DATASET RECORDS:

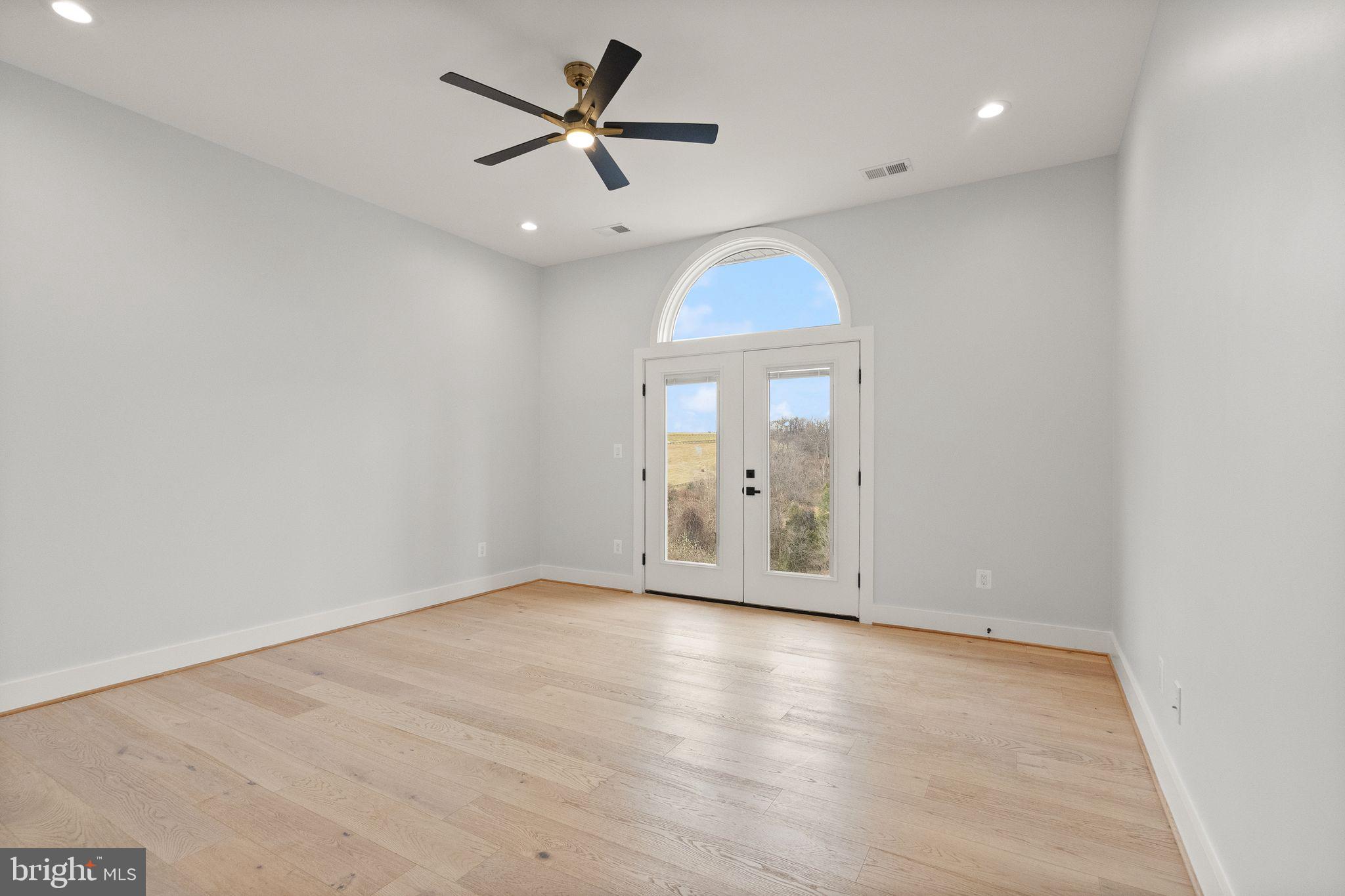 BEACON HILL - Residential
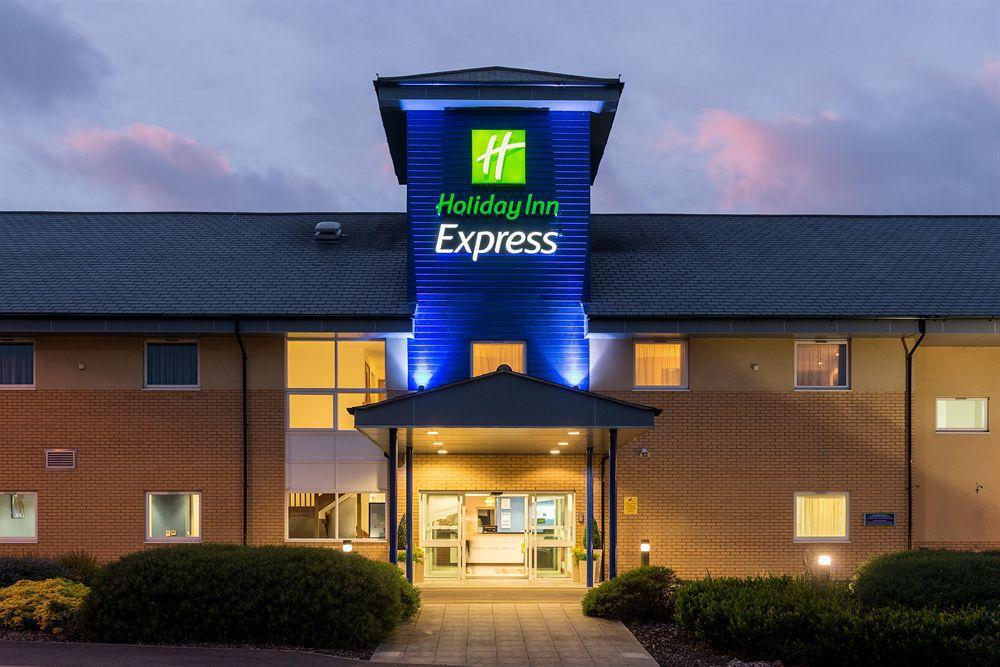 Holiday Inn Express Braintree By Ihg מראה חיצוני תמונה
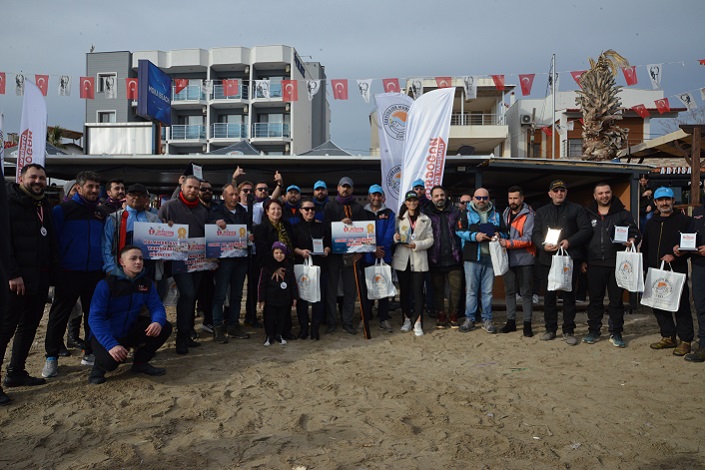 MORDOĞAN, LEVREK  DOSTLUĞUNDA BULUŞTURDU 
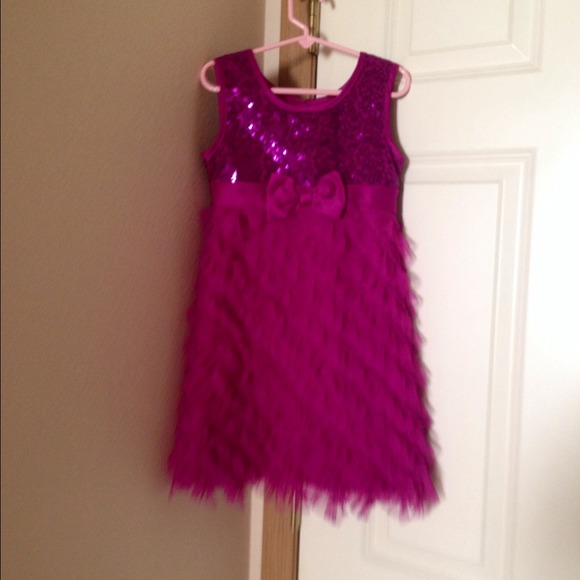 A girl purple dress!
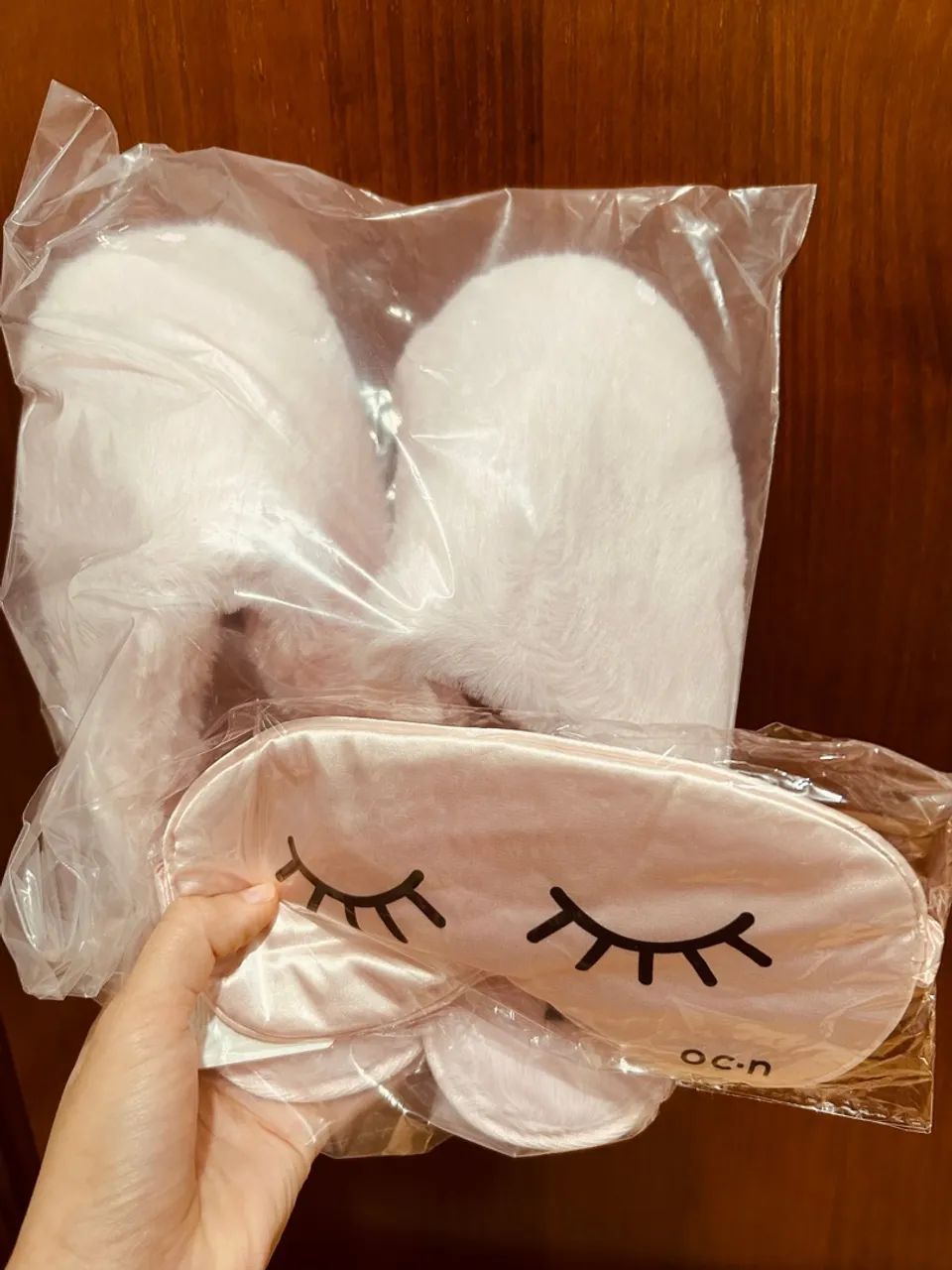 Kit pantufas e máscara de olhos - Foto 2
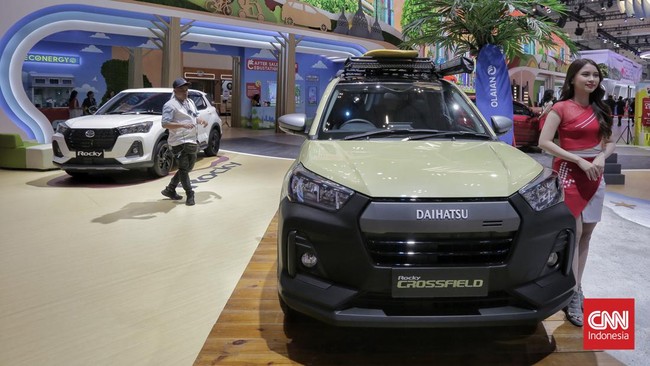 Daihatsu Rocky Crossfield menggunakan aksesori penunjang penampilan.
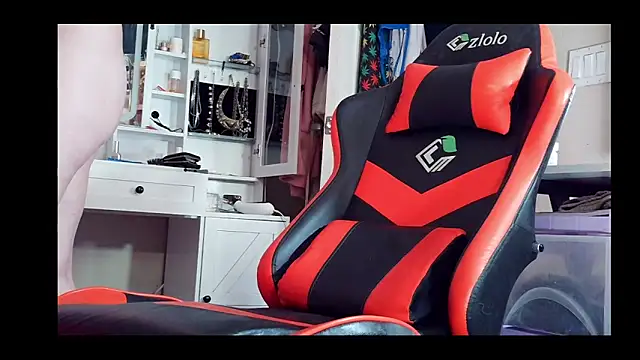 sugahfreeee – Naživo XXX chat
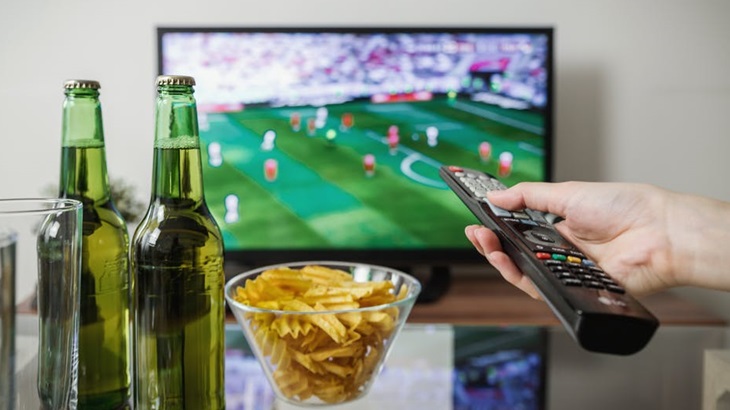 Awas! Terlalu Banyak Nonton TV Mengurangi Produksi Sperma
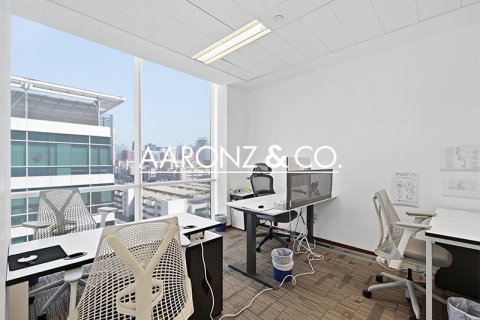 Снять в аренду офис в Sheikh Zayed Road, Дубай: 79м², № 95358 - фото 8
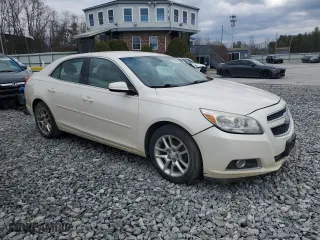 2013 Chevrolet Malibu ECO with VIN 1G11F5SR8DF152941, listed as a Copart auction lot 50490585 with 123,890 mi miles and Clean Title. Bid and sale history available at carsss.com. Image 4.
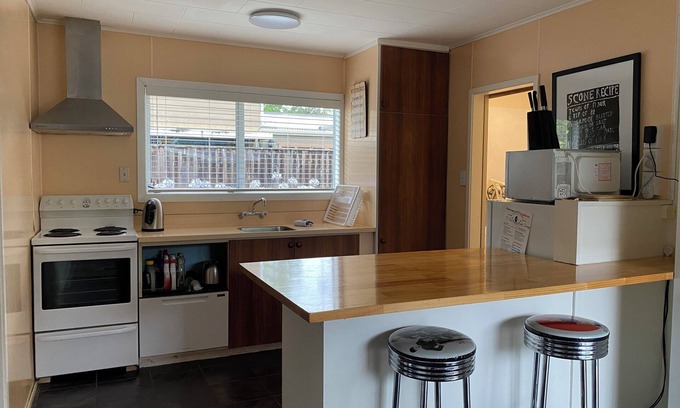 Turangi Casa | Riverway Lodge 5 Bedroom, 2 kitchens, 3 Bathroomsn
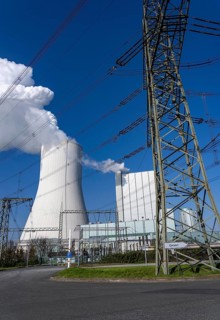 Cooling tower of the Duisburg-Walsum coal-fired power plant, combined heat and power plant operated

WORK REQUEST:
Reproduce exactly, and only, the part of the entries above that runs from the line with "Daihatsu Rocky Crossfield" to the last line, both included. Pictures stay out.

WRITTEN SOLUTION:
 Daihatsu Rocky Crossfield menggunakan aksesori penunjang penampilan.
 sugahfreeee – Naživo XXX chat
 Awas! Terlalu Banyak Nonton TV Mengurangi Produksi Sperma
 Снять в аренду офис в Sheikh Zayed Road, Дубай: 79м², № 95358 - фото 8
 2013 Chevrolet Malibu ECO with VIN 1G11F5SR8DF152941, listed as a Copart auction lot 50490585 with 123,890 mi miles and Clean Title. Bid and sale history available at carsss.com. Image 4.
 Turangi Casa | Riverway Lodge 5 Bedroom, 2 kitchens, 3 Bathroomsn
 Cooling tower of the Duisburg-Walsum coal-fired power plant, combined heat and power plant operated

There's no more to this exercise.